* **Data items**:
<<<<

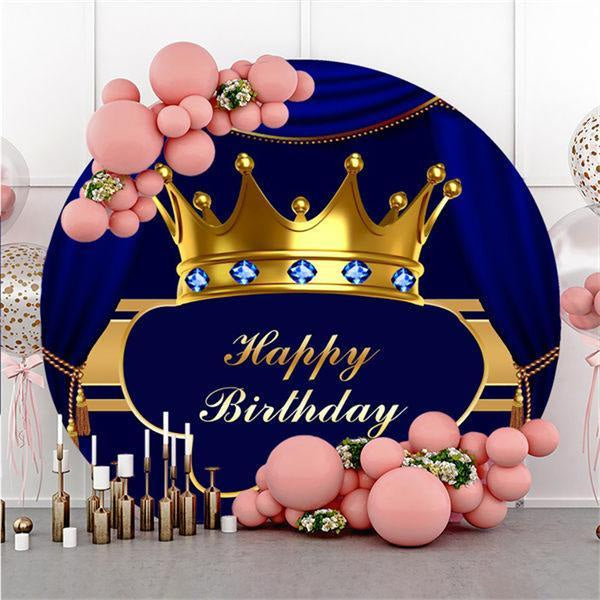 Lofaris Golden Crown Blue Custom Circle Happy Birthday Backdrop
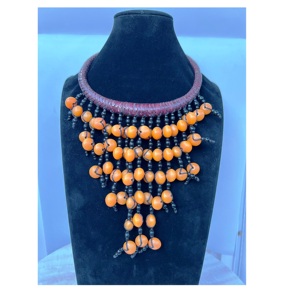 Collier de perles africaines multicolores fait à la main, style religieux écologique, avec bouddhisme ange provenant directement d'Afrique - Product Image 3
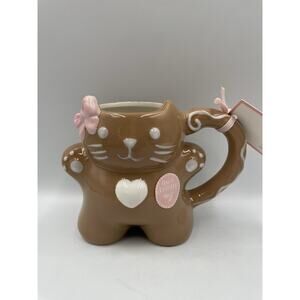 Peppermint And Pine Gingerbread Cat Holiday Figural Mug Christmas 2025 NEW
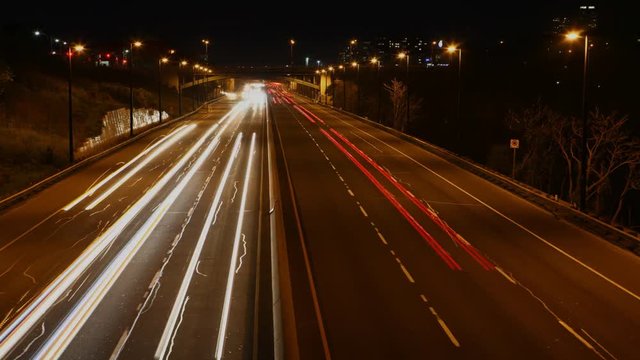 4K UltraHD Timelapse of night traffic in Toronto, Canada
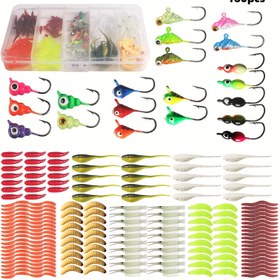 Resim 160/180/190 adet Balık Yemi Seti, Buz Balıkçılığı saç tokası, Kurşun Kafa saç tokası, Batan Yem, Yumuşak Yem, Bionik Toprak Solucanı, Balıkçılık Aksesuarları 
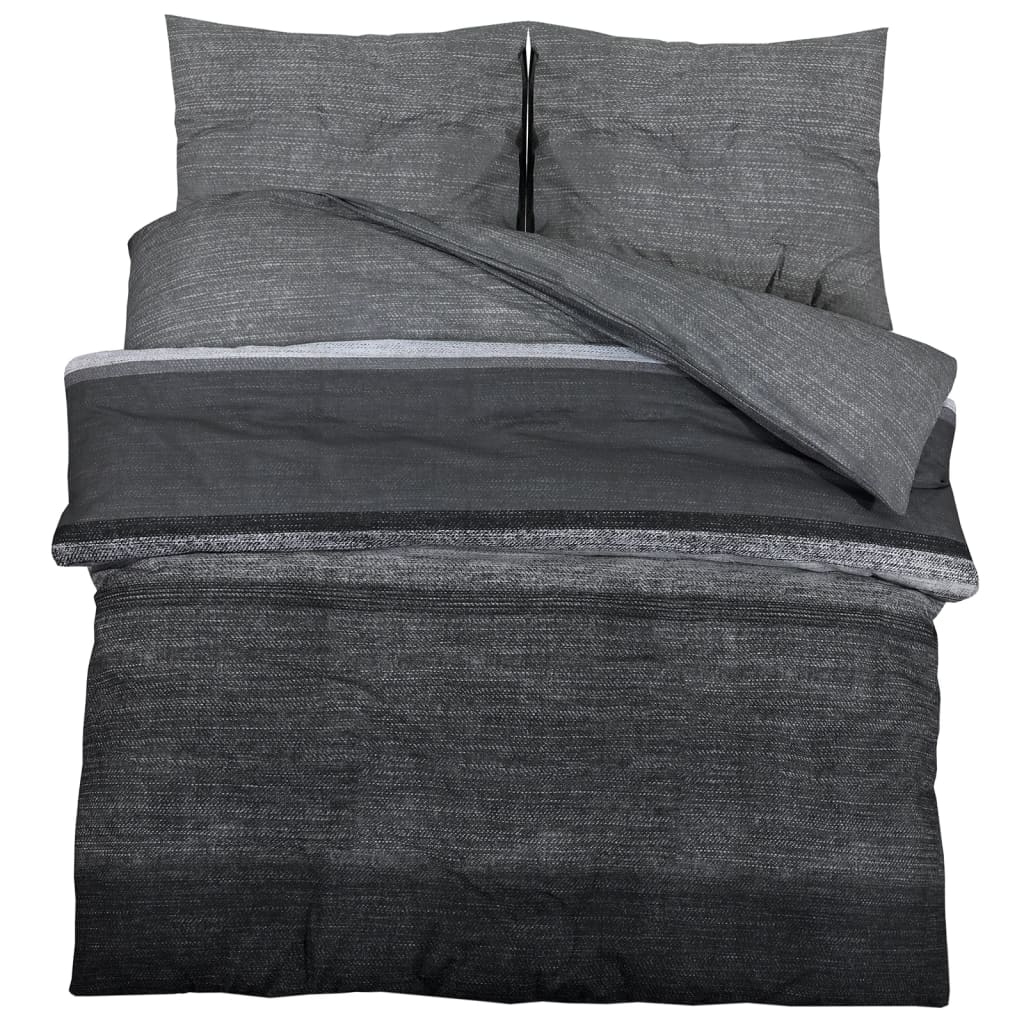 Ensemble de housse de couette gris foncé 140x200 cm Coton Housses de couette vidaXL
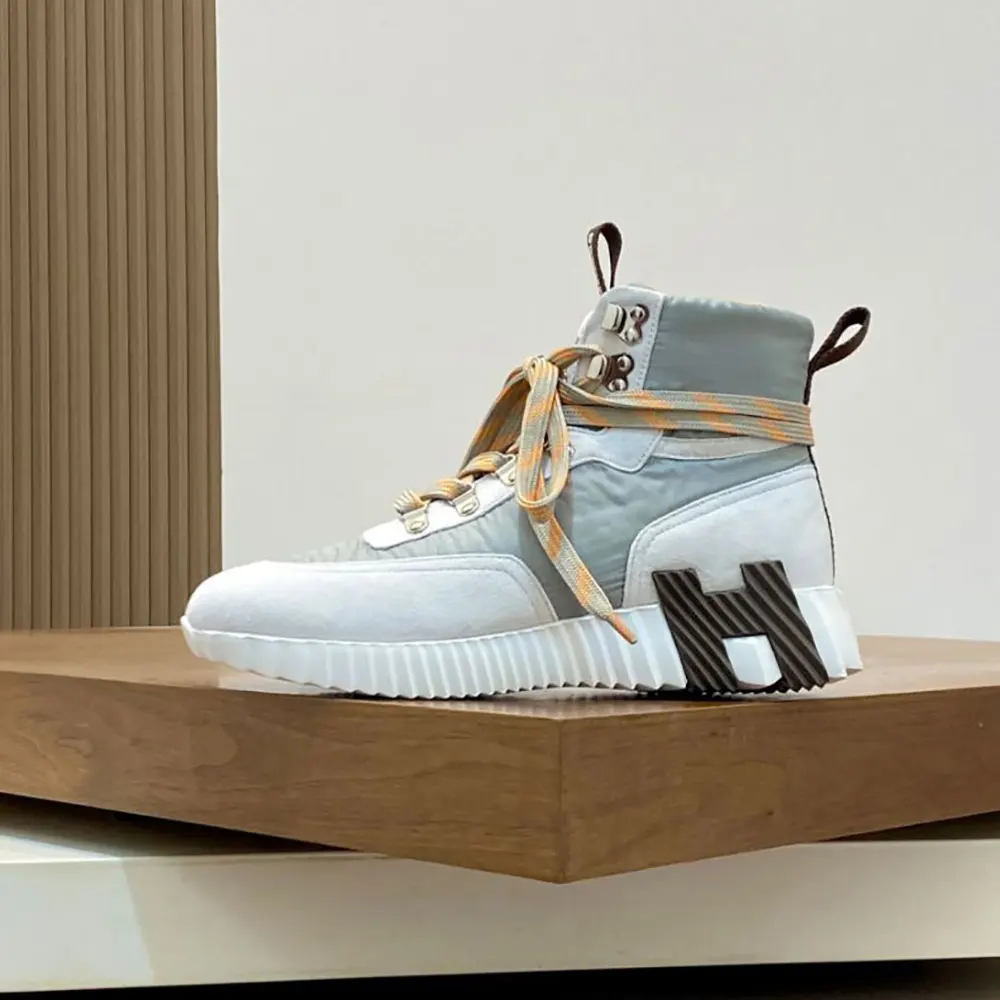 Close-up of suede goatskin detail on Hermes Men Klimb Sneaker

>>>>
<<<<

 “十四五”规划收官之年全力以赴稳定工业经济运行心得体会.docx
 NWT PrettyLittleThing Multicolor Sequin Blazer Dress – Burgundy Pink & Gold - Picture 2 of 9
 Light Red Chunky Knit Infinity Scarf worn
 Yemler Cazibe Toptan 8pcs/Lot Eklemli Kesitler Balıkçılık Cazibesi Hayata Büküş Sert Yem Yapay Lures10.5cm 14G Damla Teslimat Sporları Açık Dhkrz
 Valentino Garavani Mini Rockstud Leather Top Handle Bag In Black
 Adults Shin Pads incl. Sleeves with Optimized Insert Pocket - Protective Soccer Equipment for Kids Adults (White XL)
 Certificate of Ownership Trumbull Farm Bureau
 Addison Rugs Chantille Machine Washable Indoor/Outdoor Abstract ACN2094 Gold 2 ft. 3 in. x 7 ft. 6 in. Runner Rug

>>>>

* **What the exercise asks**:
How would the lines above read from the one with "Lofaris Golden Crown" to the one with "Close-up of suede", inclusive, with no pictures? Write them out exactly.

* **Exercise result**:
 Lofaris Golden Crown Blue Custom Circle Happy Birthday Backdrop
 Collier de perles africaines multicolores fait à la main, style religieux écologique, avec bouddhisme ange provenant directement d'Afrique - Product Image 3
 Peppermint And Pine Gingerbread Cat Holiday Figural Mug Christmas 2025 NEW
 4K UltraHD Timelapse of night traffic in Toronto, Canada
 Resim 160/180/190 adet Balık Yemi Seti, Buz Balıkçılığı saç tokası, Kurşun Kafa saç tokası, Batan Yem, Yumuşak Yem, Bionik Toprak Solucanı, Balıkçılık Aksesuarları 
 Ensemble de housse de couette gris foncé 140x200 cm Coton Housses de couette vidaXL
 Close-up of suede goatskin detail on Hermes Men Klimb Sneaker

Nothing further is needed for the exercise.